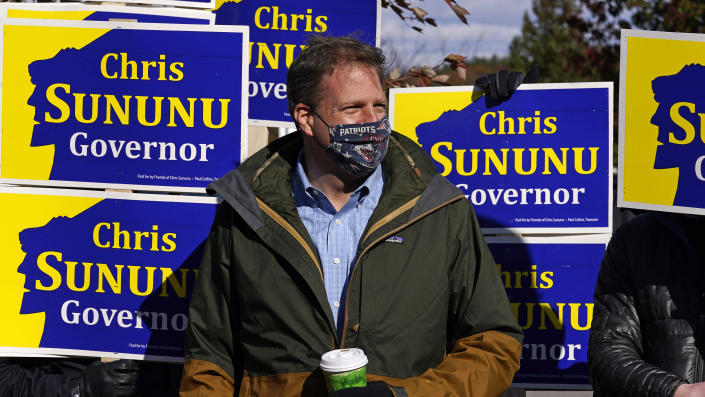 N.H. Gov. Chris Sununu stands with supporters at a polling station at Windham, N.H. High School, Tuesday, Nov. 3, 2020, in Windham. Sununu, a Republican, faces Democrat Dan Feltes in the gubernatorial election. (AP Photo/Charles Krupa)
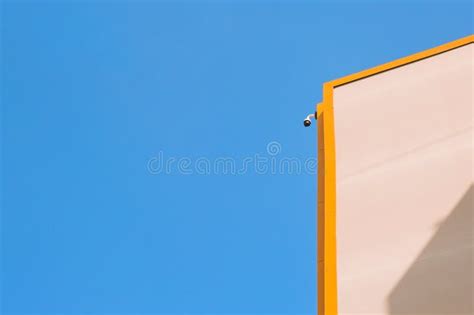 Surveillance Monitoring Security Camera on a House Corner with Blue Sky Stock Image - Image of ...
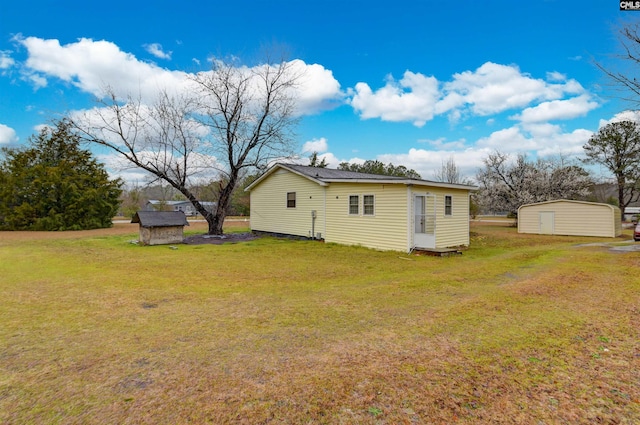 back of house with a yard, an outdoor structure, and a storage shed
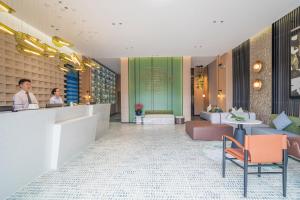 Posezení v ubytování Kunming Spring City Boutique Hotel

• _AIM OF THE EXERCISE_: The data above must be given back verbatim, minus its images.

• _RESPONSE BOX_:
 N.H. Gov. Chris Sununu stands with supporters at a polling station at Windham, N.H. High School, Tuesday, Nov. 3, 2020, in Windham. Sununu, a Republican, faces Democrat Dan Feltes in the gubernatorial election. (AP Photo/Charles Krupa)
 Surveillance Monitoring Security Camera on a House Corner with Blue Sky Stock Image - Image of ...
 back of house with a yard, an outdoor structure, and a storage shed
 Posezení v ubytování Kunming Spring City Boutique Hotel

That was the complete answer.